__Data shown__.
== Segment start ==
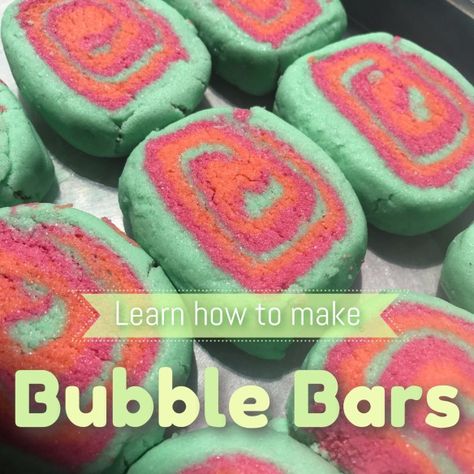 Diy Bubble Bar, Bubble Bar Recipe, How To Make Bubbles, Solid Bubble Bath, Diy Soap Recipe, Homemade Bubbles, Bath Recipes, Sugar Scrub Recipe, Bath Bomb Recipes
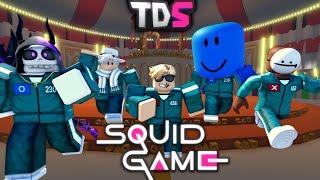 20 TDS Youtubers fight in the Roblox Squid Games!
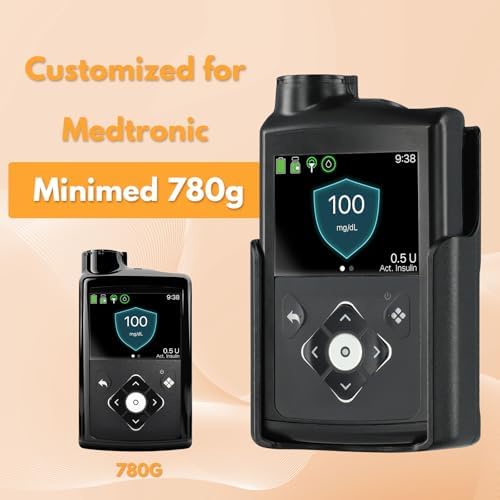 Pump Case with 360° Rotatable Clip Compatible with Medtronic 780G, Insulin Pump Holder for Medtronic 780G Accessories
== Segment end ==
__Problem__. The lines to repeat run from the line containing "20 TDS Youtubers" through the end of the listing above, both included; give them exactly and without pictures.

__Your response__.
 20 TDS Youtubers fight in the Roblox Squid Games!
 Pump Case with 360° Rotatable Clip Compatible with Medtronic 780G, Insulin Pump Holder for Medtronic 780G Accessories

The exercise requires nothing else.